Jon, I am guessing that our new member here is trying to find a way around the import taxes & duties to Sweden


----------



## JBroida (Apr 1, 2016)

whoops... totally didnt read anything other than the last post... my bad. its been a long day already


----------



## mqphoto (Apr 2, 2016)

Haha Matus, you can't have everything in a smooth way but still for 3-4 stones and maybe a knife I would accept about 30% otherwise it would be a huge fail.


----------



## mqphoto (Apr 2, 2016)

And Jon, if you can help me to decide between 1k and 2k grit, I would appreciated that =) Only stone that I have decided for is the 4K


----------



## daveb (Apr 2, 2016)

mq, Prob better to pose a question for Jon in Jon's sub-forum. Or just go with the G2K - best soaker ever.


----------



## Matus (Apr 2, 2016)

mq, I hear you. I have spent high 4 digit number on taxes and import fees on used photography equipment and later on knives. Just importing that Andy Billipp damascus gyuto would cover the complete sharpening set you are about to buy. Got me weak in the knees when I was paying that in local customs office - though I kept my smile  Very few items I bought and imported to DE passed without taxes. Just a note of warning - I do not know how the things are in Sweden, but in Germany I have to bring proof of payment - the declared value rarely pays any importance.


----------



## mqphoto (Apr 3, 2016)

Matus said:


> mq, I hear you. I have spent high 4 digit number on taxes and import fees on used photography equipment and later on knives. Just importing that Andy Billipp damascus gyuto would cover the complete sharpening set you are about to buy. Got me weak in the knees when I was paying that in local customs office - though I kept my smile  Very few items I bought and imported to DE passed without taxes. Just a note of warning - I do not know how the things are in Sweden, but in Germany I have to bring proof of payment - the declared value rarely pays any importance.



Matus, I understand that as well. I did work as photographer for about 8 years and know what you mean.

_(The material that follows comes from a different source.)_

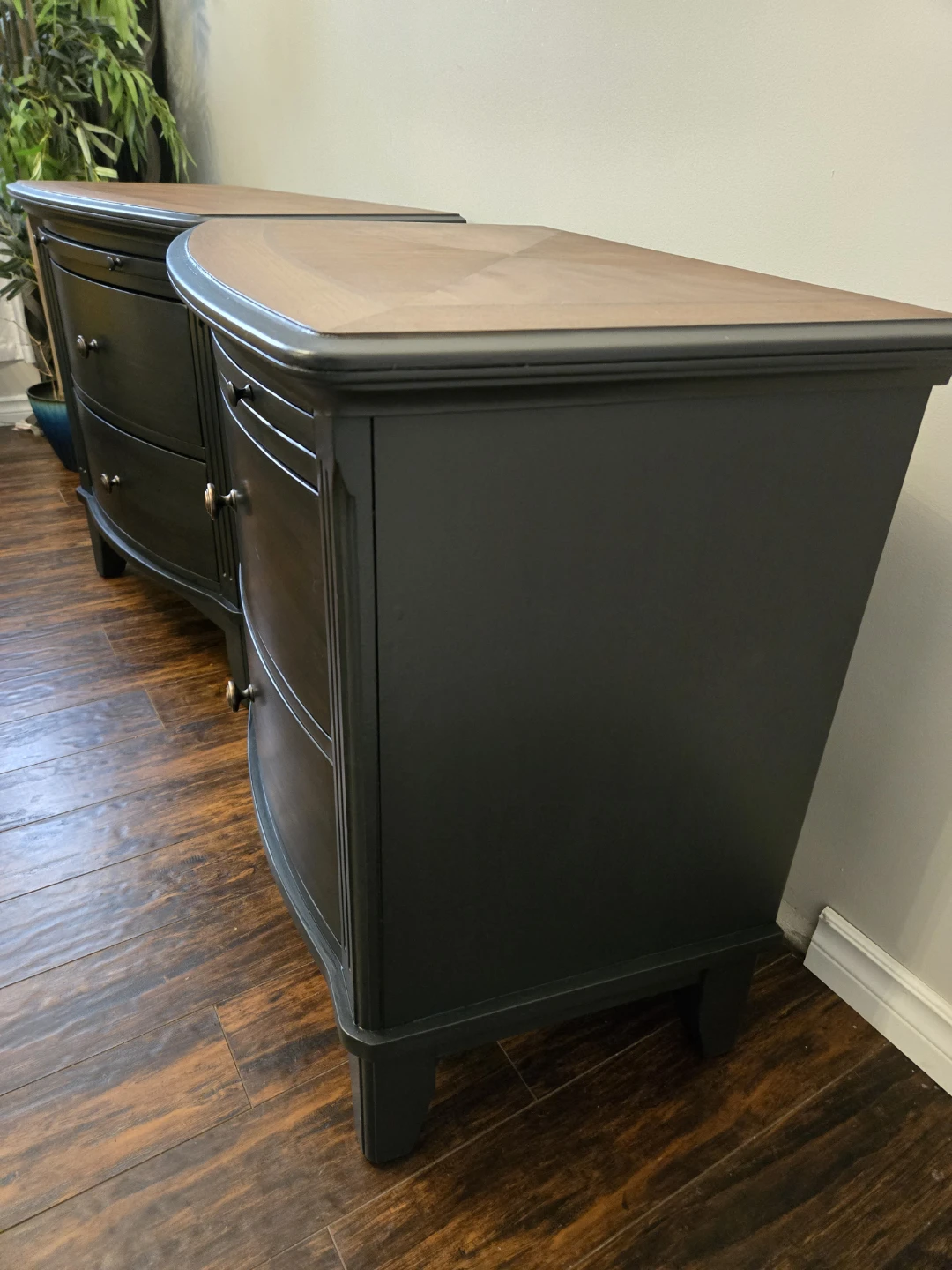 Nightstands Refinished Bow-Front -  Walnut & Matte Black - Pair - photo 5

The way to go today is if some friend send you the package. 

Are you a Nikon or Canon fan?

And yeah, now I have decided on two stones. 2K and the 4K.

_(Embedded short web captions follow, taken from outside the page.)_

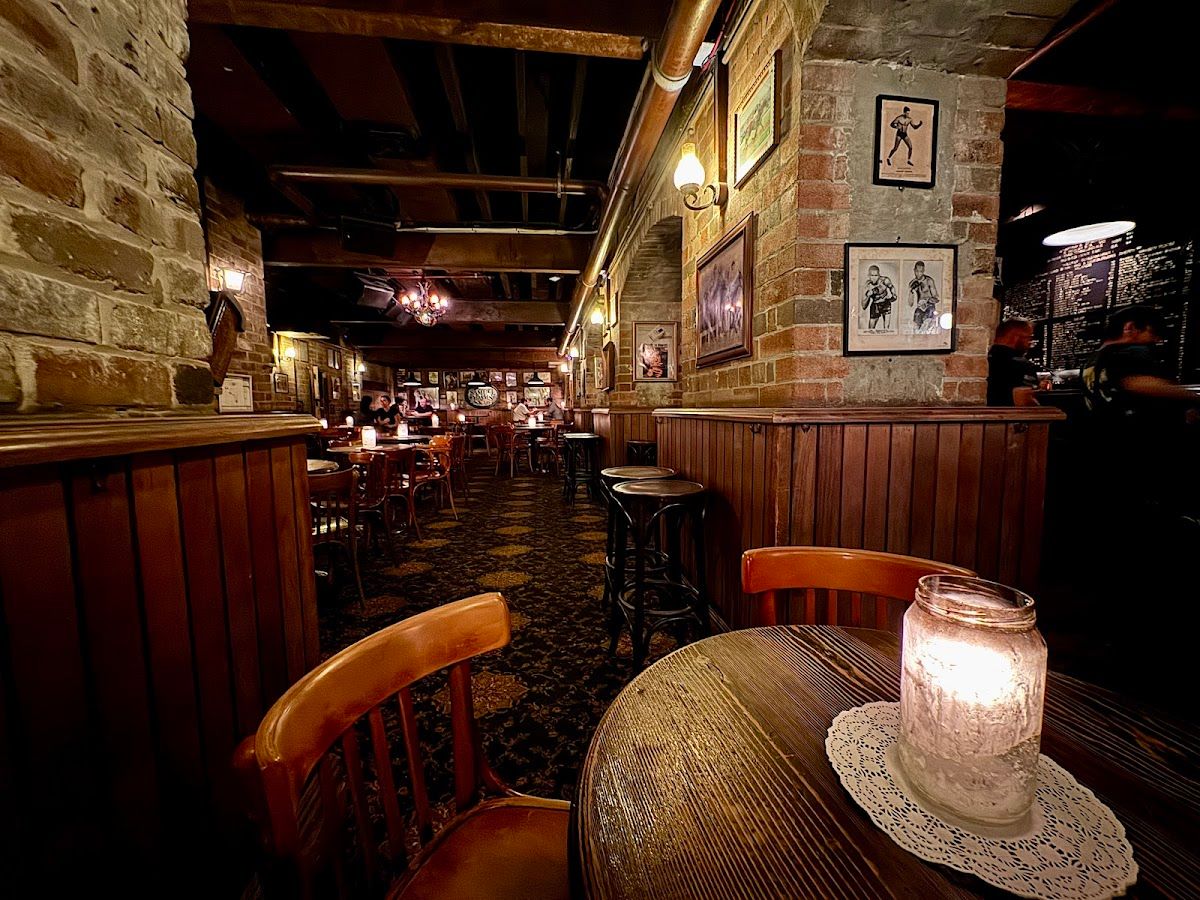 The Baxter Inn thumbnail 5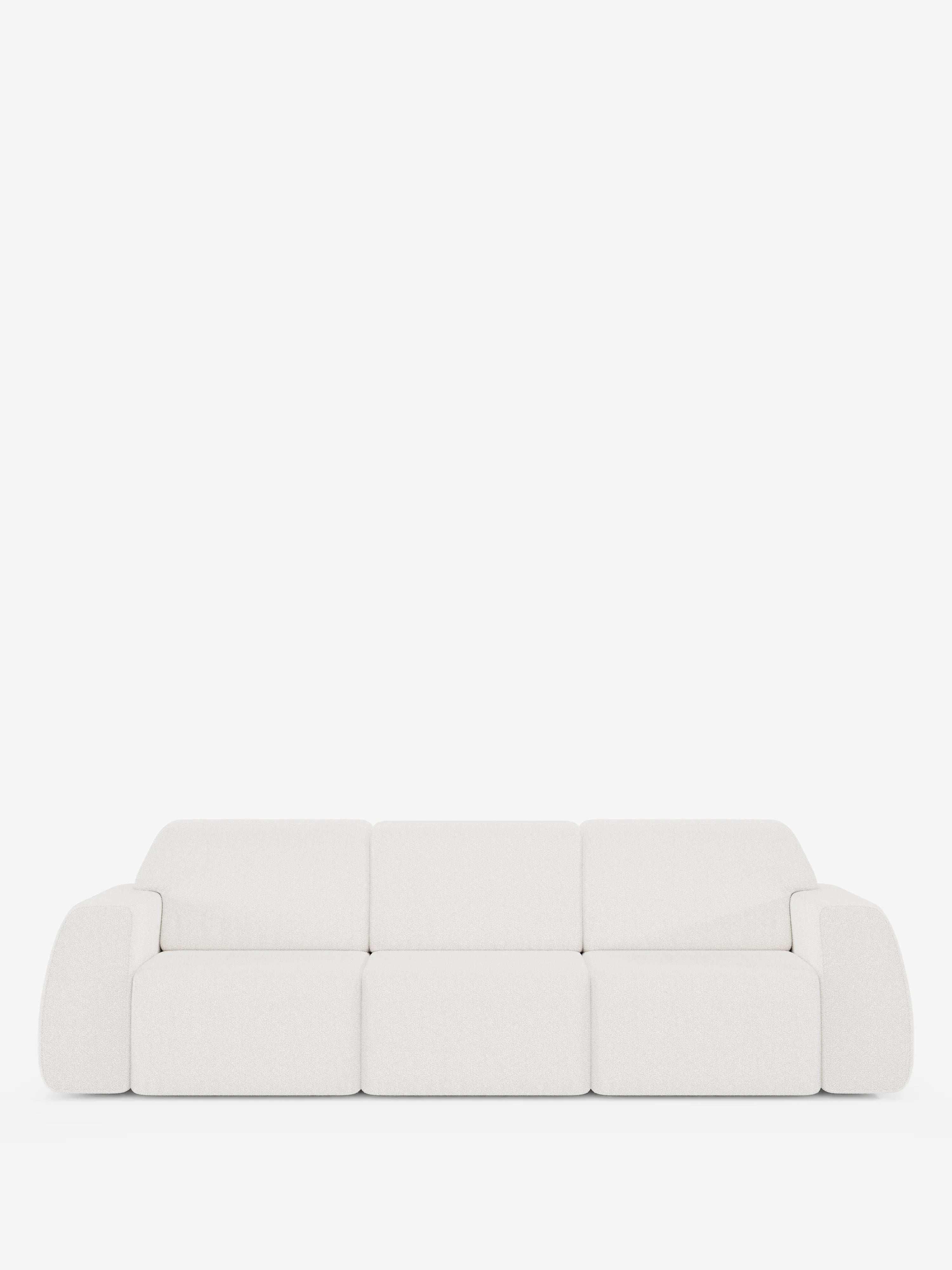 Un divano bianco moderno e minimalista — il modello Orbit di Divani.Store, con 3 sedute scorrevoli e allungabili in tessuto effetto cotone smacchiabile T33 — presenta tre cuscini di seduta scorrevoli e allungabili in modo indipendente con braccioli leggermente arrotondati, il tutto su uno sfondo bianco a tinta unita. Il design elegante mette in risalto linee pulite e bordi morbidi, mentre la seduta regolabile offre un comfort versatile su misura per le tue esigenze.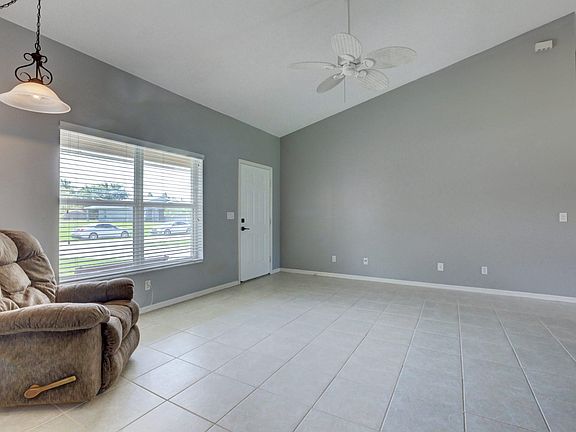 5th image of 3280 SW Esperanto St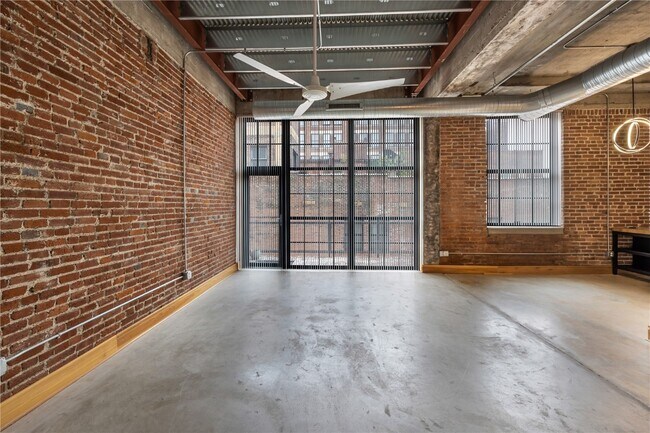 Building Photo - 2201 Locust St
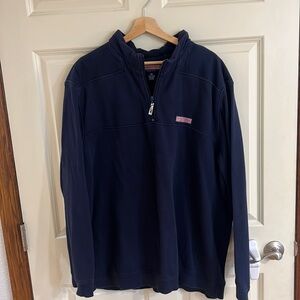 Vineyard vines sweatshirt
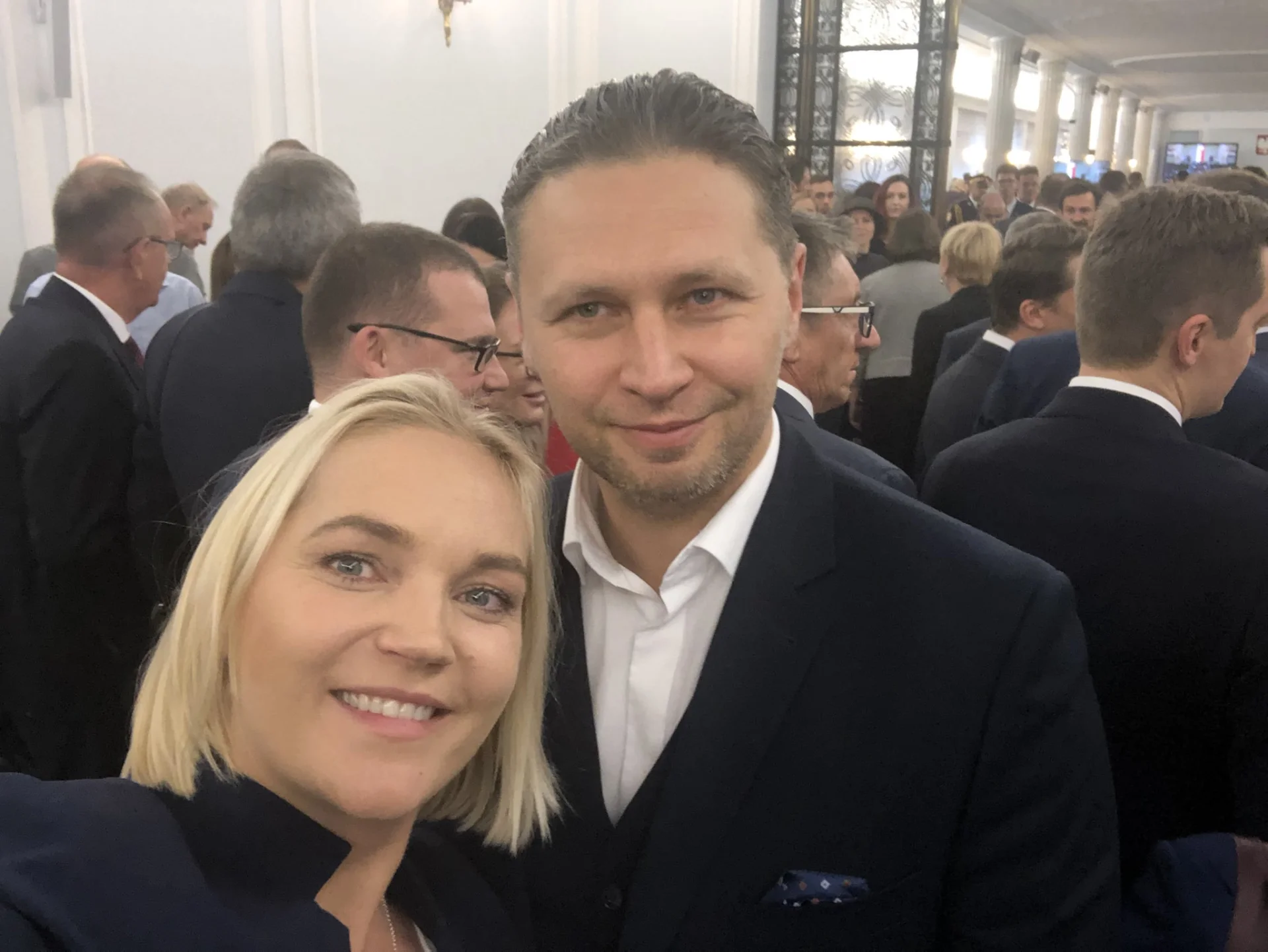 Dominika Chorosińska z mężem Michałem na inauguracyjnym posiedzeniu Sejmu IX kadencji.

Most of my knifes are carbon steel, so 6K or the 8K for finishing stone?


----------



## Matus (Apr 3, 2016)

Until our little girl was born I was shooting 4x5", Mamiya 6 and Rolleiflex T + Nikon V1. From the film cameras I only have today Rolleiflex 2.8E fully restored with Maxwell focusing screen. My main digital system is m43 - Olympus EM5II with 12-40 and 40-150 pro lenses. I need to add some prime lenses once I will not spend every free Euro on knifemaking tools 

back on topic 

If I were you I would get the 2K followed by either 4k (serious bite) or Synthetic Natural (excellent balance of bite and fine edge, I am starting to love this stone) and should you want anything beyond that, than just add some 'basic' natural stone like Takashima Awasedo or Hakka from Maxim.

The truth is, that unless you really like very fine, 'polished' edge, than the Synthetic Natural will be all that you need on the fine end. It truly is a great stone. I would say - if you want to go higher get the 2k, 4k and natural stone (or the 8k - that one should be great too, but I have never used it), if you plan to stop at around 4k edge, than get 2k and Synthetic natural (and you will still be able to add natural later should you wish).

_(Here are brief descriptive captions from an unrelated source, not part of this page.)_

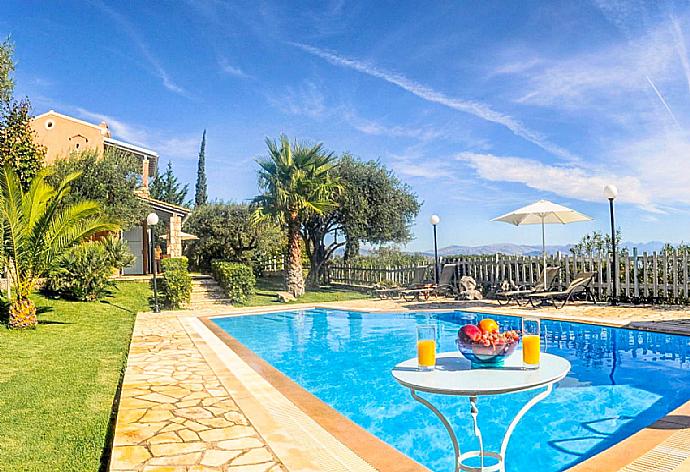 Beautiful Villa with Private Pool, Terrace and Garden . - Villa Malama . (Fotogalerie) }}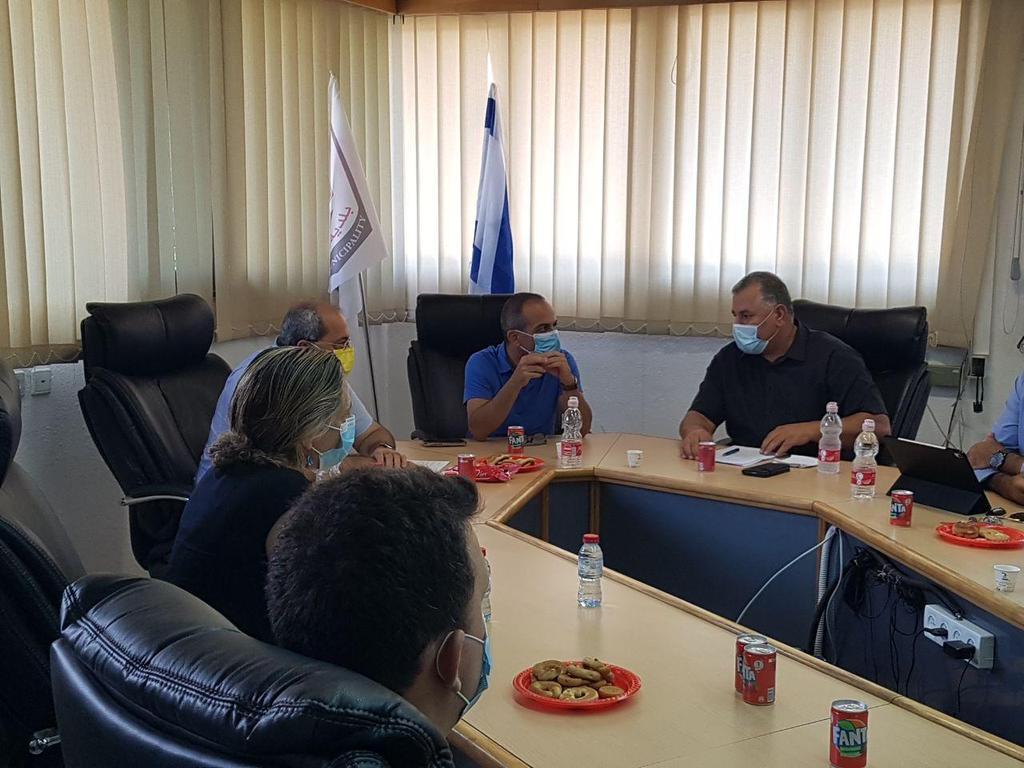 פרופ' גמזו בביקור בטירה רוני גמזו בטירה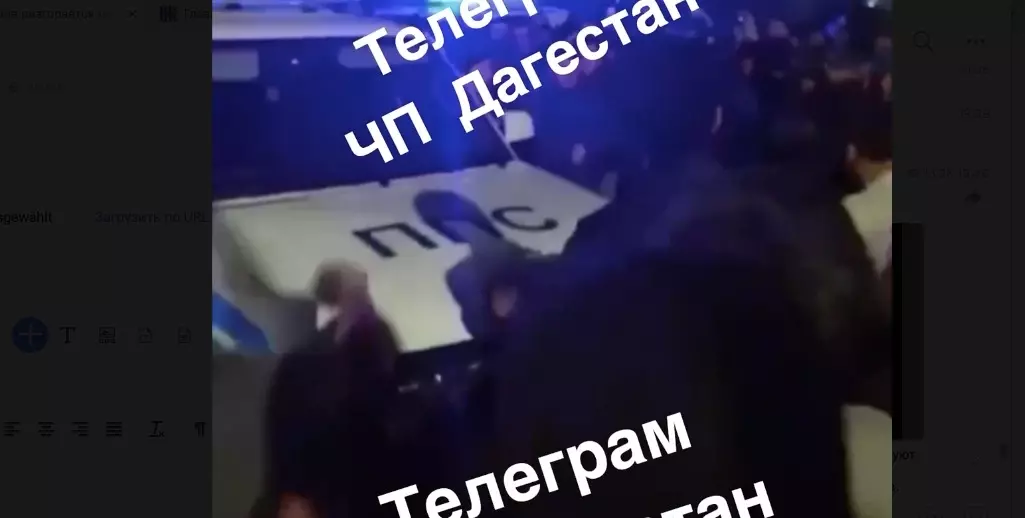 Протестующие нападают на машину ППС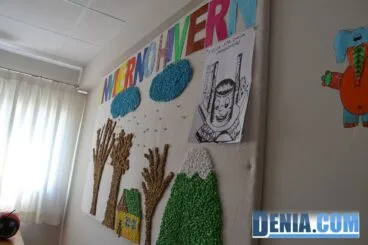 Visita de las Falleras Mayores de Dénia a la Residencia de ancianos Santa Lucía 05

Should you later want to make some kasumi finish on wide or single bevel knives, than you will anyhow need too add 1-2 more soft, muddy stones.


----------



## daveb (Apr 3, 2016)

I like to go from a 4K to a JNat when I want a highly refined edge.

I believe Matus is selling a very nice one (though not particularly forgiving?) on bst now. JKI has a Takeshima (sp?) that is a little softer and more forgiving and of course JNS has a large selection.


----------



## mqphoto (Apr 3, 2016)

First thumbs up on your camera equipment, you are old school and that's great. 

Witch Synthetic natural you mean?

Thank you for your help


----------



## Matus (Apr 3, 2016)

mq, Gesshin Synthetic Natural of course 

That is actuallt a very nice to use stone (lv 2.5, so on the soft side), makes up nice mud with nagura. A little finer than Hakka, or Takashima. I will not cry if it will not sell


----------



## mark76 (Apr 3, 2016)

[edit : something went wrong, but there must be something wrong with any European knife lover willingly not participating in the Gesshin stone pass-around  ]


----------



## mqphoto (Apr 3, 2016)

Mark, I want to buy the stones directly. The passaround is for people who to try them first. I wanna buy them instead =)

I'm going to look into it


----------



## berko (Apr 3, 2016)

> there must be something wrong with any European knife lover willingly not participating in the Gesshin stone pass-around


+1


----------